2022年度卒の就活生として就職活動をしていた私は、3月から2か月間、会社説明会や選考会に参加していた。情勢のこともありオンラインでの参加が多かったが、何社かは実際に会社まで足を運んだ。
オンラインはスーツを着て髪を整えるだけでいいが、現地に行くとなるとパンプスを履かなければいけなかった。私はパンプスを履くのがとても嫌だった。
昔から、新しい靴を履くと必ずと言っていいほど靴擦れをしていた。新しいスニーカーを1つダメにしたこともあったくらいだ。
ヒールのある靴はもってのほか。しかし、それが就活のテンプレな服装なら、それに従うしかなかった。

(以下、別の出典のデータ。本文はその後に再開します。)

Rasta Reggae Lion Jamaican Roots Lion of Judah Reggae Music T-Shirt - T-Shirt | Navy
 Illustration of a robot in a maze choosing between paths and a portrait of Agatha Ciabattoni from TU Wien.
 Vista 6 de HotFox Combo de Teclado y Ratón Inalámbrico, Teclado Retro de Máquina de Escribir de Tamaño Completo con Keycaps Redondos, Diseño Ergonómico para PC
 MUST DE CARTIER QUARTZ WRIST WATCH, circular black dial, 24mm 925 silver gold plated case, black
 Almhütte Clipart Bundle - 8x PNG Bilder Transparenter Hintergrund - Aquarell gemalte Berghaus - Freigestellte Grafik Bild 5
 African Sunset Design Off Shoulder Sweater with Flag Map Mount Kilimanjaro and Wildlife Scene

ある会社説明会に参加したとき、靴擦れが気になって集中できなかった
ある会社の説明会に参加したときのこと。アパートから駅まで30分歩き、本社まで送迎してもらった。たいした距離は歩いてないはずだった。
入口でパンプスからスリッパに履き替えたとき、かかとが赤黒い血に染まっていることに気がついた。しかも、かかとからの出血でベージュのストッキングが肌に張りついている。スーツの裾で半分くらいは隠れていたからバレていないとは思ったが、気になって説明会どころではなかった。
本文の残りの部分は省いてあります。